A conselheira de saúde admite que a distribuição de contraceptivos pelo governo federal ainda é feita de forma irregular, e que as mulheres ainda têm dificuldade para se prevenir. No entanto, ela acredita que, mesmo se tivessem mais acesso aos métodos preventivos, as mulheres brasileiras continuariam praticando abortos, embora em menor escala.
Analisando a realidade de outros países, Silvia Dantas prevê que, se aprovada a legalização do aborto no Brasil haveria um aumento da realização desse procedimento no início, mas logo após a incidência deveria diminuir. “Isso porque a descriminalização do aborto vem acompanhada de uma série de medidas que garantem às mulheres fazer o acesso à contracepção. Nos países em que o aborto é legalizado, existe uma legislação que presta uma melhor assistência às mulheres e que por isso, reduz a incidência de casos de gravidez não desejada”, explica.
“Congresso não está preparado para discutir o tema”
Para a deputada federal Luciana Genro (PSol-RS), o Congresso Nacional ainda não está preparado para debater a ampla legalização do aborto. Ela apresentou na Câmara dos Deputados um projeto de lei que permite o aborto em casos de fetos que não desenvolveram o cérebro. Segundo a parlamentar, essa foi uma forma de abordar a questão de forma mais amena. “Eu acredito que esse é um caso em que mesmo as pessoas que são frontalmente contrárias ao aborto podem compreender e aceitar”, explica a deputada.
No Senado, existem apenas três matérias tramitando sobre o assunto, e todas abordam a permissão do aborto no caso de o feto se desenvolver sem cérebro ou com doença grave que o leve à morte ainda no útero. Na Câmara, 19 propostas tratam diretamente do assunto, das quais sete são contra o aborto e pedem a revogação dos direitos já garantidos (como nos casos de estupro ou risco de morte para a mãe) ou a tipificação do aborto como crime hediondo. Nove projetos são favoráveis ao aborto em casos específicos e apenas uma propostas de lei pede a descriminalização total do aborto. O Projeto de Lei 1.135/91 está na Comissão de Seguridade Social e Família desde 1992.
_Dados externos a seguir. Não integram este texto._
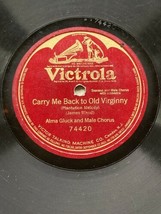 Alma Gluck - Carry Me Back To Old Virginny - Victrola 74420 78rpm - $19.30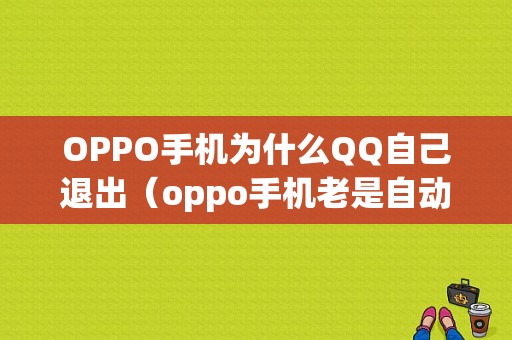 OPPO手机为什么QQ自己退出（oppo手机老是自动退出）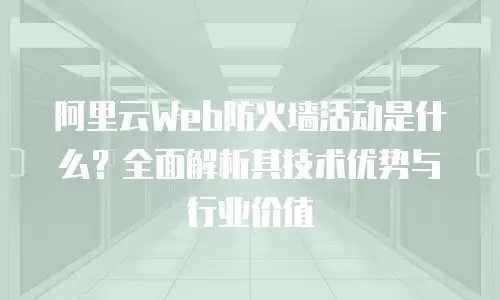 阿里云Web防火墙活动是什么？全面解析其技术优势与行业价值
Para Luciana Genro, essa realidade se impõe porque existe uma bancada extremamente conservadora dentro do Parlamento brasileiro. Segundo ela, embora o Congresso Nacional seja a caixa de ressonância da sociedade brasileira, ele também tem algumas distorções. “Isso é resultado do poder econômico, do dinheiro que compra muitos mandatos”, avalia a parlamentar. “Então, efetivamente, aqui no Congresso Nacional não há chance de um projeto que defenda a legalização ampla do aborto prosperar. Não há nenhuma possibilidade”, conclui.
A discriminação social é uma das principais razões apontadas por Luciana Genro para defender a legalização do aborto. Segundo ela, não é justo que as mulheres ricas recorram a clínicas especializadas enquanto as pobres tenham que realizar abortos em condições precárias, arriscando sua saúde e sua vida. “Os números mostram que o aborto é uma realidade na sociedade brasileira”, afirma a parlamentar, que defende a realização de um debate sem a interferência de crenças religiosas.
Segundo ela, o estado brasileiro, por ser laico, deve priorizar o bem-estar do conjunto da população e as políticas públicas adequadas para garantir a saúde pública.